# Hey Gauss and Tacubaya, any news?



## rzozaya1969 (Nov 28, 2004)

Hi, just having some coffee and idle time, do you have any news on your frames?


----------



## crisillo (Jul 3, 2004)

congrats on the 6000th post Rzoz


----------



## Warp (May 24, 2004)

Yeah, guys... What's been up with your rides???

Come on, we need to put those babies dusty....

On a lighter note...

Tacu, I thought you were an Avid guy.... 

"PAR de frenos Magura Louise 2008.

Lo mejor de lo mejor, hechos en Alemana con el mejor servicio al cliente (5 anos de garantia directo con Magura). *Estos frenos superan por mucho la tecnologia y calidad de la linea Avid Juicy y Shimano XT* y te los traigo a un gran precio.

PAR de frenos Magura Louise 2008 con la opcion de seleccionar que rotores y adaptadores quieres. "


----------



## Gauss (Dec 14, 2006)

Bicimaniacos said: "Call in a week more to see if we were able to get if from Aduana, but don't worry, it's already in Mexico". So I'll have to call them before this week ends again ¬¬


----------



## Gauss (Dec 14, 2006)

Warp said:


> Tacu, I thought you were an Avid guy....
> 
> "PAR de frenos Magura Louise 2008.
> 
> ...


Common, don't bull him. You know his real feelings, business and love are from different worlds 

BTW, I love 08 XT hydros, even if I just have the levers they feel practically the same with Siant calipers


----------



## Warp (May 24, 2004)

Gauss said:


> BTW, I love 08 XT hydros, even if I just have the levers they feel practically the same with Siant calipers


That is because all Shimano calipers are virtually the same.... since de 755 (first 2 pots XT) I think... You could even put the fancy ServoWave levers on an old 555 and it will still work.

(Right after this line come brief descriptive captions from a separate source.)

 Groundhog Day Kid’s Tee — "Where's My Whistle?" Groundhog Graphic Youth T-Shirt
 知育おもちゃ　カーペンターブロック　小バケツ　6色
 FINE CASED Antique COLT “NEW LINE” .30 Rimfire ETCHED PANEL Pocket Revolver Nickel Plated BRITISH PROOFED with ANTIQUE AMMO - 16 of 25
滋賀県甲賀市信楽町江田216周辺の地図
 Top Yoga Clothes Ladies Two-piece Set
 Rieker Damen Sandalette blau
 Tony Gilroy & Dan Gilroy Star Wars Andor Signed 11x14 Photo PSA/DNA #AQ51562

That's good. I guess only Magura uses different sized ratio cylinders depending on the application. Gustav, Marta and Louise all have different sized calipers/master cylinders.... which is good in its own sense. You get an optimized brake for your use.

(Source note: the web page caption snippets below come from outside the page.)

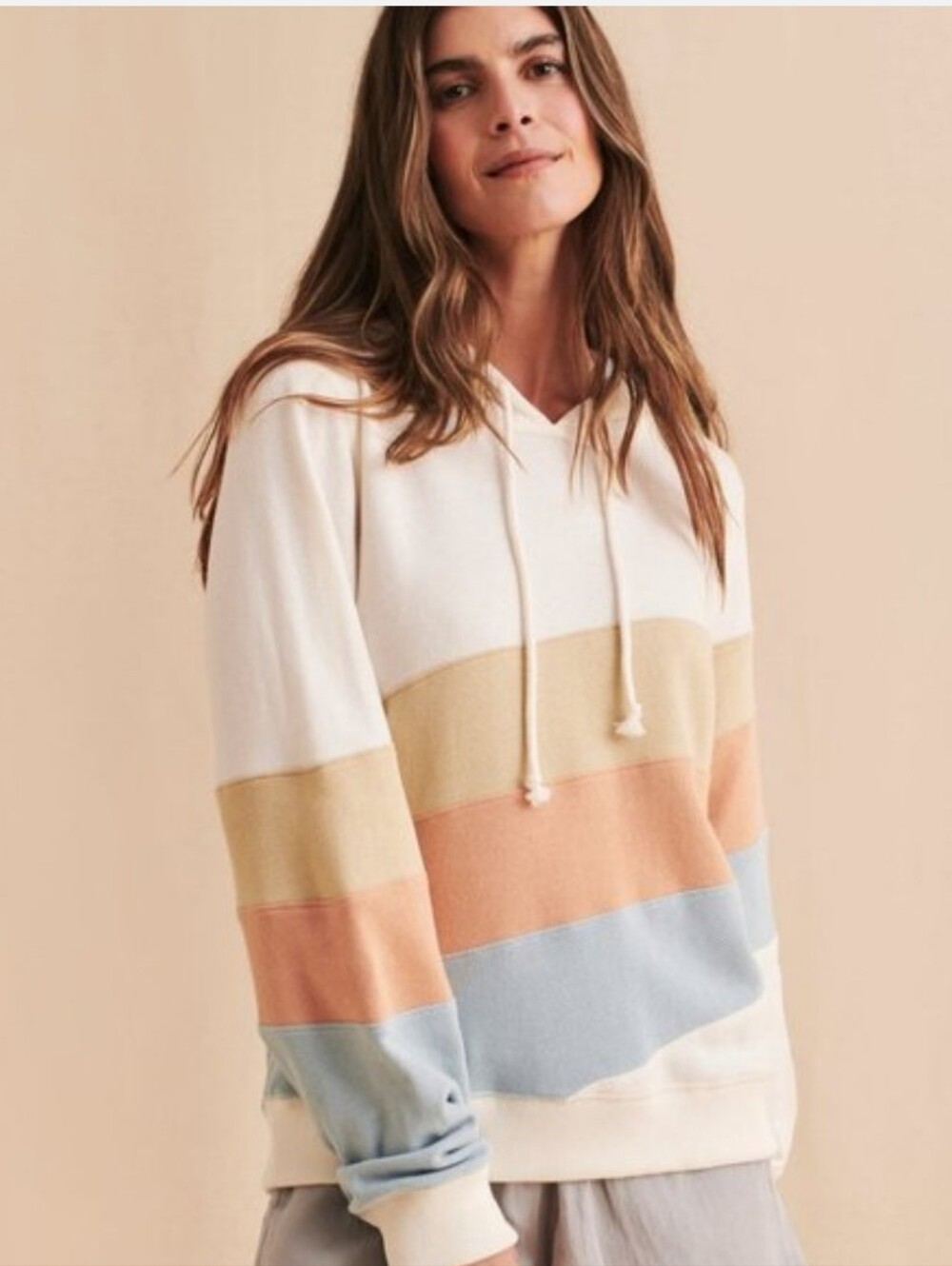 Faherty Radiant Hoodie In Sunrise Glow Size XL - Picture 3 of 14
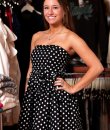 Polka Dot Strapless Dress by Miss Avenue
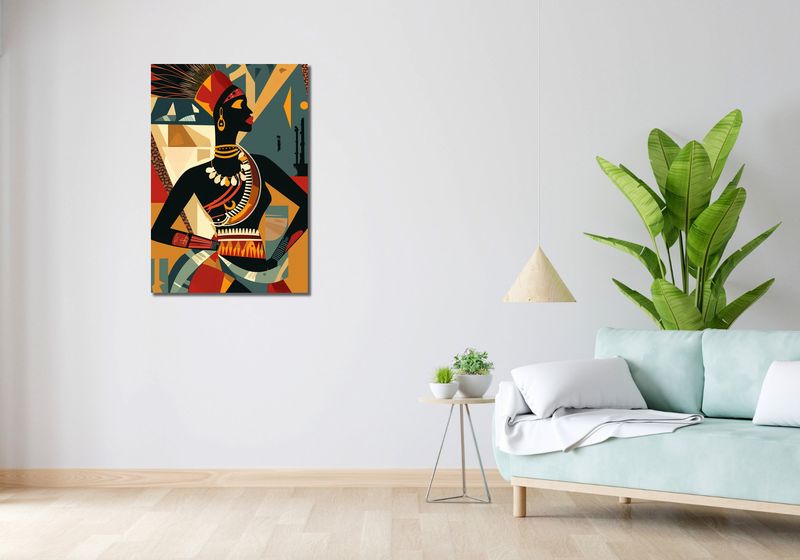 Obraz 60x90cm Afrykańska Mozaika zdjęcie 2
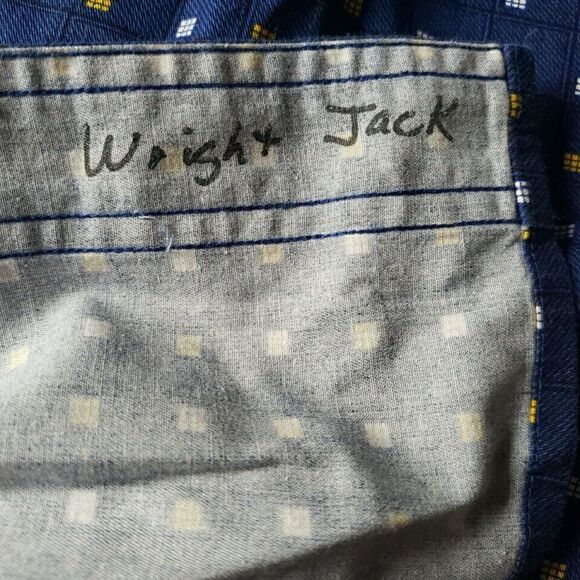 Chaps Ralph Lauen Mens Shirt Size Med Short Sleeve Button Up Blue 100% Cotton - Picture 12 of 13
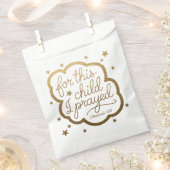 1サムエル1:27からの聖書の聖句 フェイバーバッグ (クリップ留めされた状態)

I think all brands use the very same size master cylinders with different pistons. So, fluid volume apart, you can use any Formula/Hayes/Avid/Shimano master cylinder with any brake of the same brand.

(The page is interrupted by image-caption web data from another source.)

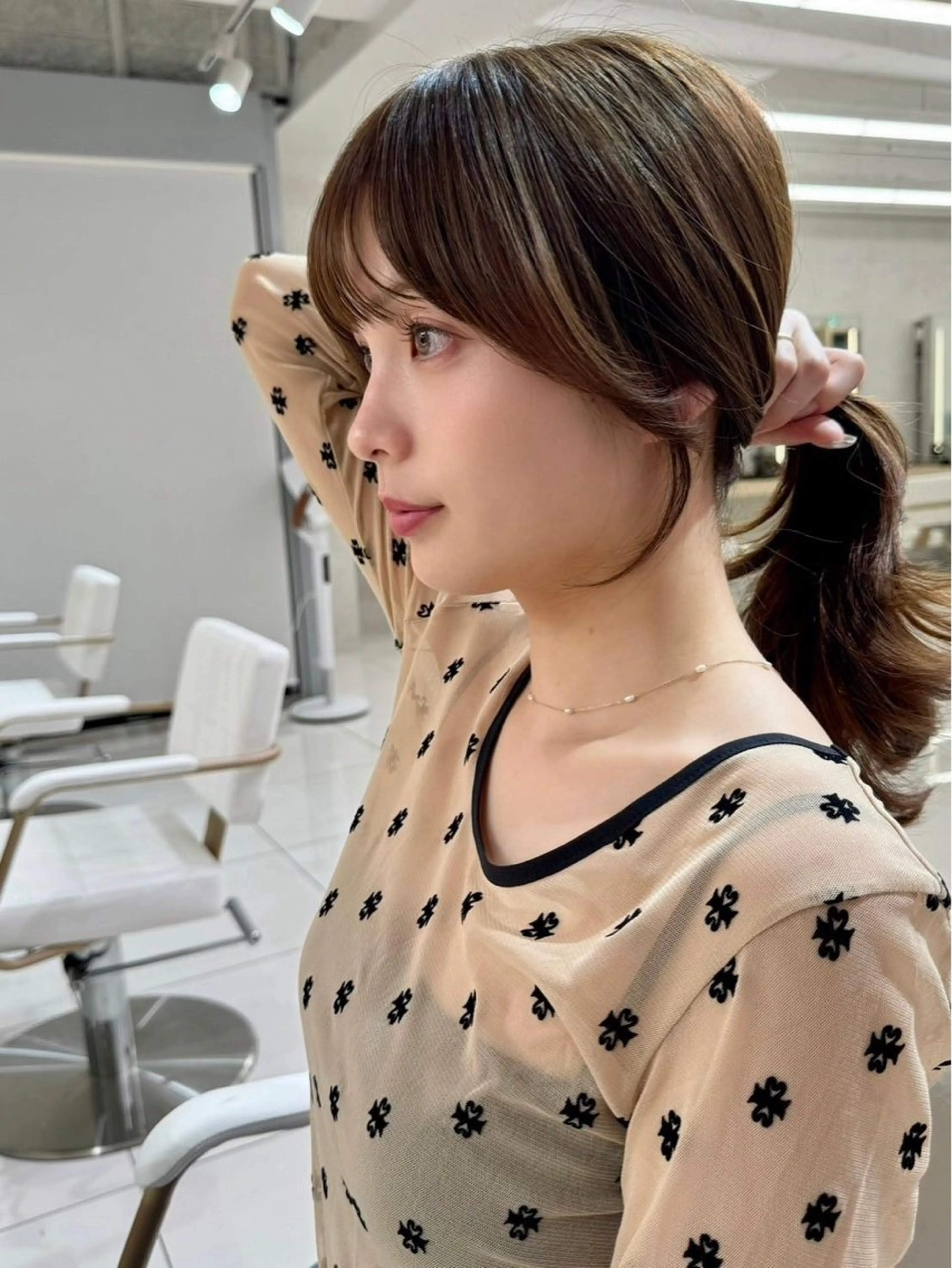 セミロング 【韓国ヘア】公式 🇰🇷Ash中野のヘアスタイル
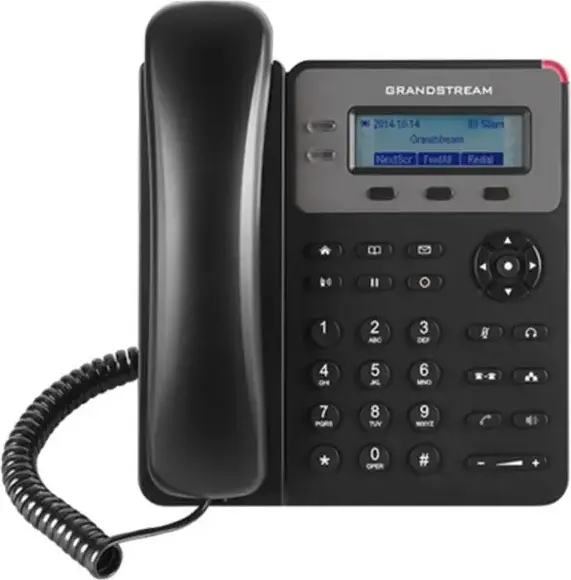 IP-телефон Grandstream GXP1615, 2 SIP-линии, поддержка PoE, Dual Ethernet 10/100 Мбит/с, ЖК-экран 2.95 дюйма, конференц-связь на 3 человек, черный, набор из 4 предметов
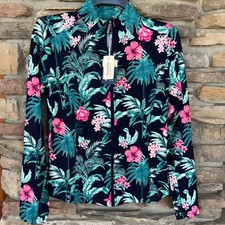 TOMMY BAHAMA GOLF/TENNIS Full ZIP TOP JACKET LS FLORAL XS Small NWT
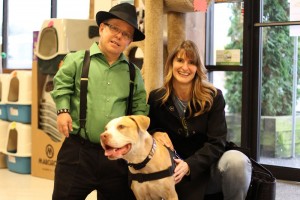 Shorty Rossi with Kim Clune, Dog House Adoptions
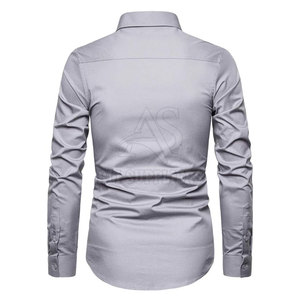 Camisas con botones de servicio OEM para hombre, camisas con botones de diseño de logotipo personalizado para hombre, camisas transpirables con botones para hombre - Product Image 3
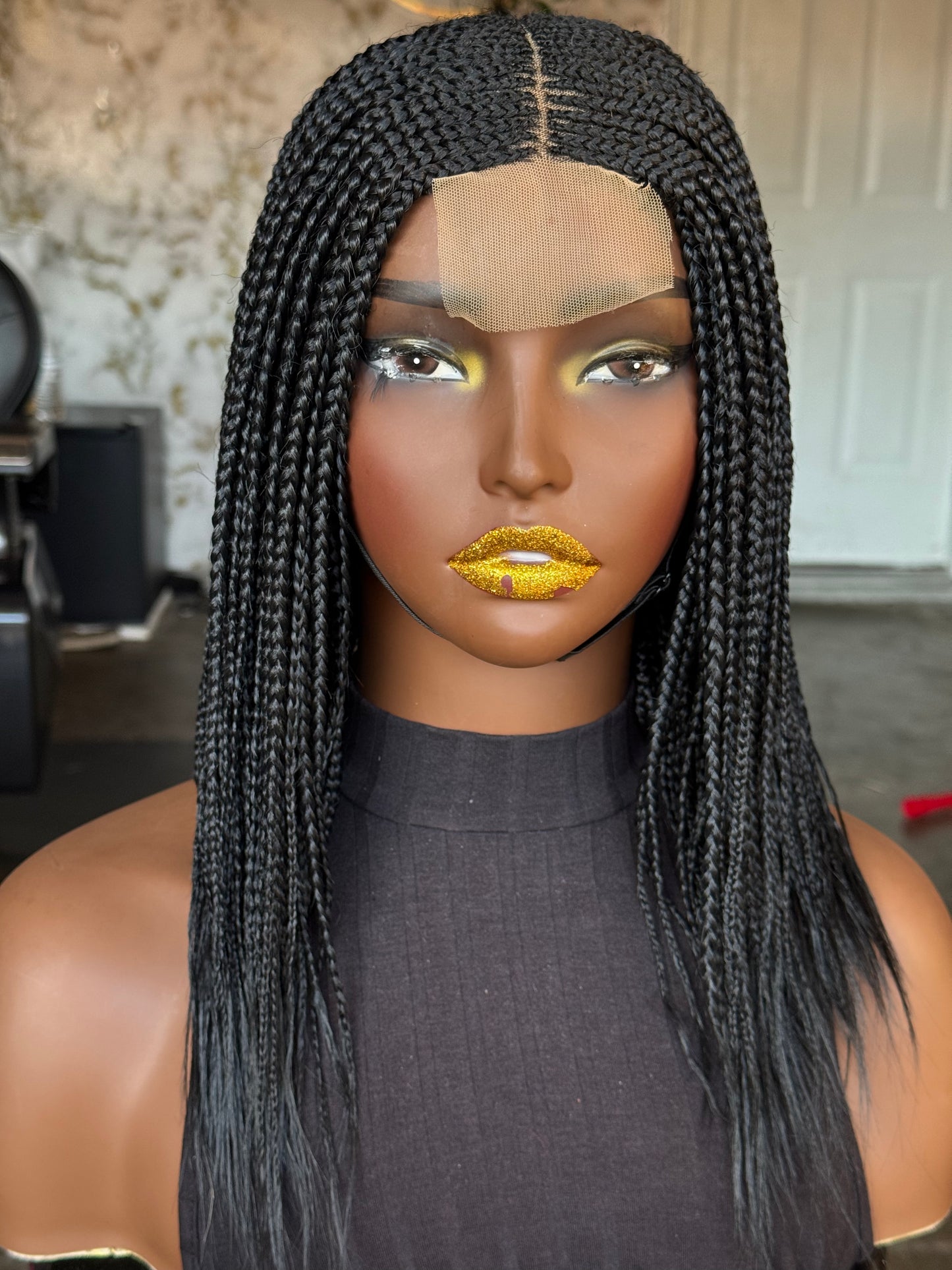 Bianca Unit | 8-10" Made to Order Black Glueless Wig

But... Shimano master cylinders are the same diameter as Magura Marta's (10mm)... so, in theory you could match a Marta Brake with ServoWave levers. Fluid is also mineral oil, so seals are not a concern. You just didn't hear it from me and just for the record, it will void both warranties...


----------



## tacubaya (Jan 27, 2006)

I won't read all the choro... Maguras are superior, but why change my Avids if they work great and they have enough power for me? I am no poser like you Warp.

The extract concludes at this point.